After a bit of a hiatus, Mr. Tim Ferrante, audiophile and monsterologist extraordinaire, is back with a "new" batch of soundtrack reviews. Tim has graciously offered MONSTER MAGAZINE WORLD the opportunity to reprint his movie score reviews that have appeared previously in THE PHANTOM OF THE MOVIES' VIDEOSCOPE magazine. Thanks, and welcome back, Tim!

 (This review originally appeared in The Phantom of the Movies’ VideoScope magazine.)
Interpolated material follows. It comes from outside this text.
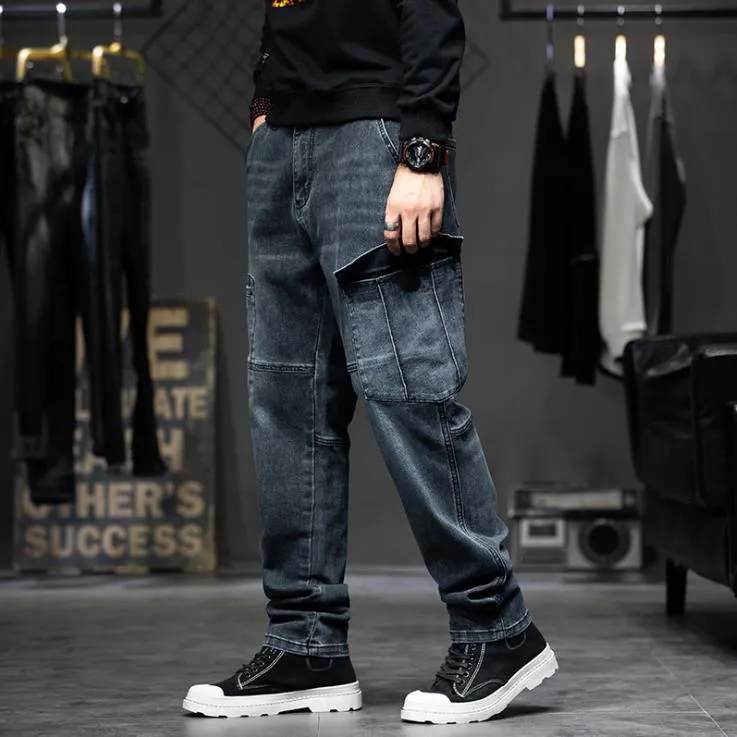 Men's Denim Leisure Hip-Hop Style Mid Waist Full-Length Loose Fit Jeans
SHE DEMONS / THE ASTOUNDING SHE-MONSTER (1958/1957) Music composed by Nicholas Carras/Guenther (Gene) Kauer. 53 tracks, 58 mins. Monstrous Movie Music MMM-1971 $19.95

Since 1996 the Monstrous Movie Music label has preserved compositions for some of the least acknowledged film music composers. In keeping with its self-imposed mission is its recent double-feature soundtrack: Nicholas Carras’ She Demons and Guenther Kauer’s The Astounding She-Monster. She Demons was co-written and directed by Richard Cunha, a filmmaker whose 1958 release slate included three other small budget thrillers for Astor Pictures. It’s widely agreed that the Carras touch was a prominent reason the film is viewable at all – aside from Irish McCalla’s very blonde presence. The composer kept audiences interested with a rousing and rhythmic main title loaded with jungle drum beats and jazzy brass. As David Schecter writes in the CD’s 20 page booklet, “(it) provides more excitement than you will find in every scene of the movie put together.” The cue surfaces again in a modified form during an exotic dance of the grass-skirted girl gaggle of She Demons. It’s unquestionably a standout amongst Carras’ expertly handled suspense, shock and mysterioso treatments. Contrasting his tropical horror sounds is Guenther Kauer’s striking approach to The Astounding She-Monster, a 62 minute must-see gem written, produced and directed by Ronald Ashcroft and featuring Kenne Duncan, both Ed Wood alums. Again referencing Schecter’s invaluable booklet, Kauer’s $2500 fee was largely spent overseas. He enlisted associates in Germany to contract an orchestra and have his music performed and recorded there. Thanks to a favorable currency exchange rate, Kauer’s score is interpreted by a whopping 45 musicians who provide a bursting performance of the composer’s edgy and plucking trumpet blast warnings for the film’s curvaceous outer space invader. She-Monster’s score is far too sophisticated for such a film; remarkably being recorded without the availability of the movie for which it would accompany. Many of its scenes were shot without sync sound, leaving Kauer to provide the sensory jolts which might explain why he wrote 33 minutes of music. It’s unlike anything you’ve experienced, an observation that also applies to the movie itself. Although, it’s his hair-raising main title for The Cape Canaveral Monsters (1960) that has forever been this reviewer’s all-time fave composition. Perhaps it will one day appear on the Monstrous Movie Music release roster. That would be…astounding.